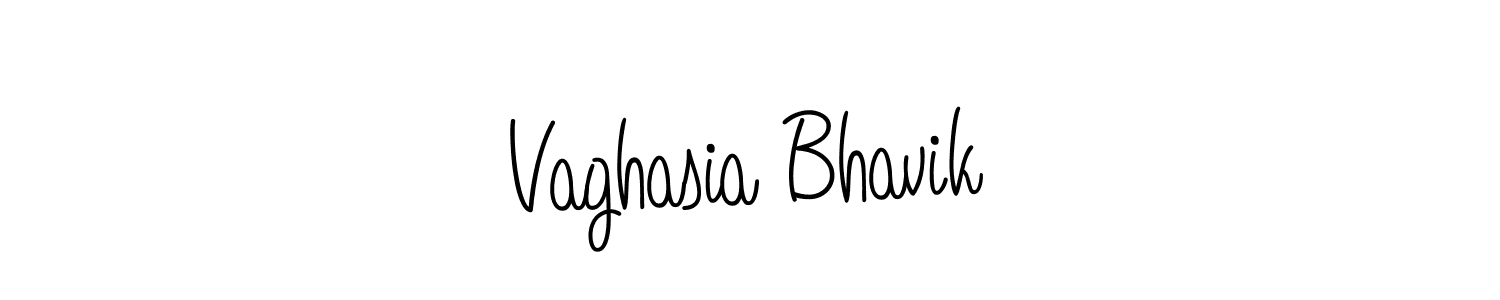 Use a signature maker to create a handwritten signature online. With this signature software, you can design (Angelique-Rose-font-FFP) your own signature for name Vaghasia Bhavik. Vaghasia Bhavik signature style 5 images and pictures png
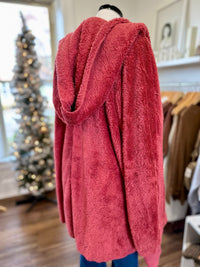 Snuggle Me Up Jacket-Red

--

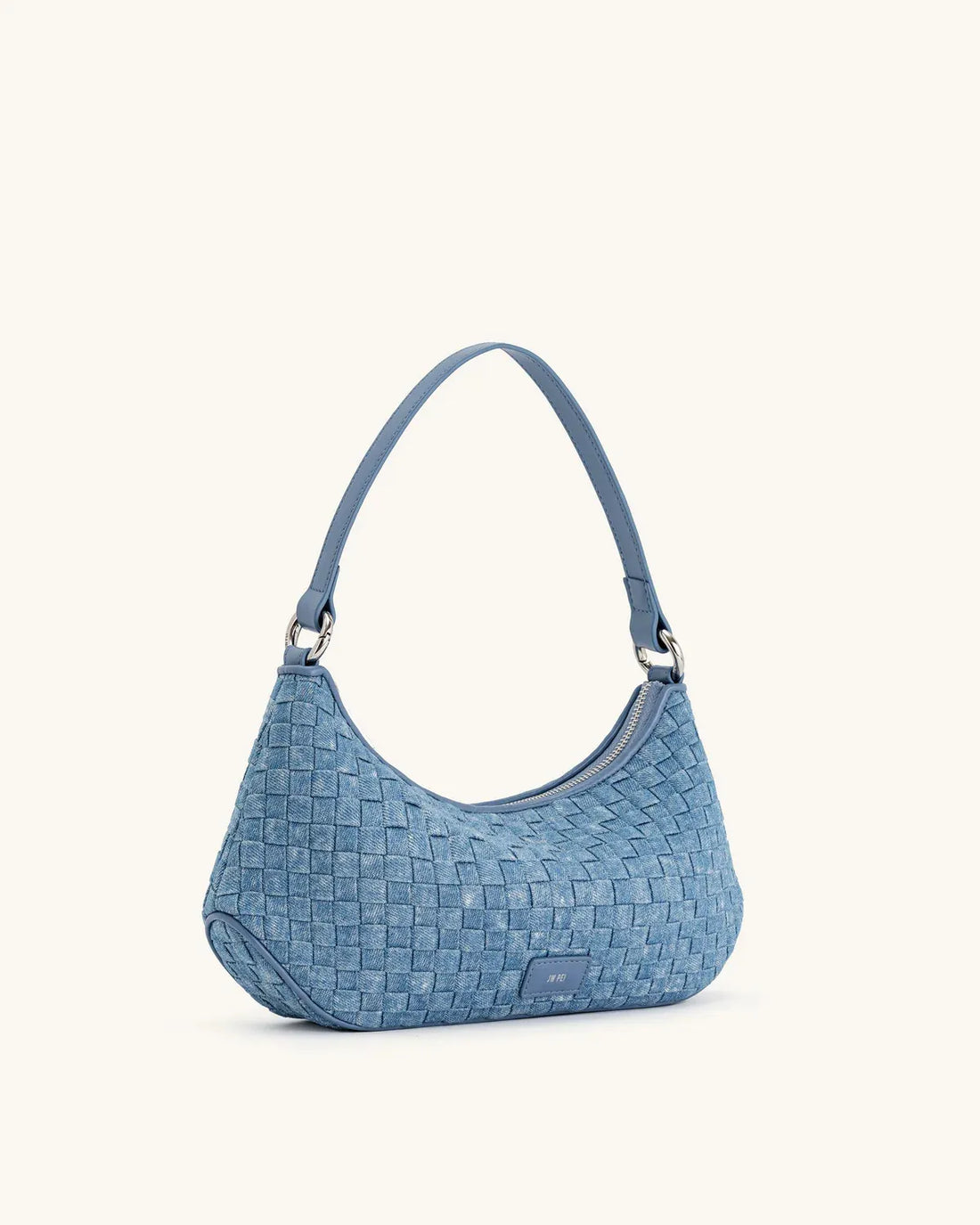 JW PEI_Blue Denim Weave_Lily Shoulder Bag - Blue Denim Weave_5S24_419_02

Problem: From the records above, transcribe exactly the lines starting at the one containing "Use a signature" and ending at the one containing "Snuggle Me Up Jacket-Red". Skip the pictures.

Task result:
 Use a signature maker to create a handwritten signature online. With this signature software, you can design (Angelique-Rose-font-FFP) your own signature for name Vaghasia Bhavik. Vaghasia Bhavik signature style 5 images and pictures png
 Snuggle Me Up Jacket-Red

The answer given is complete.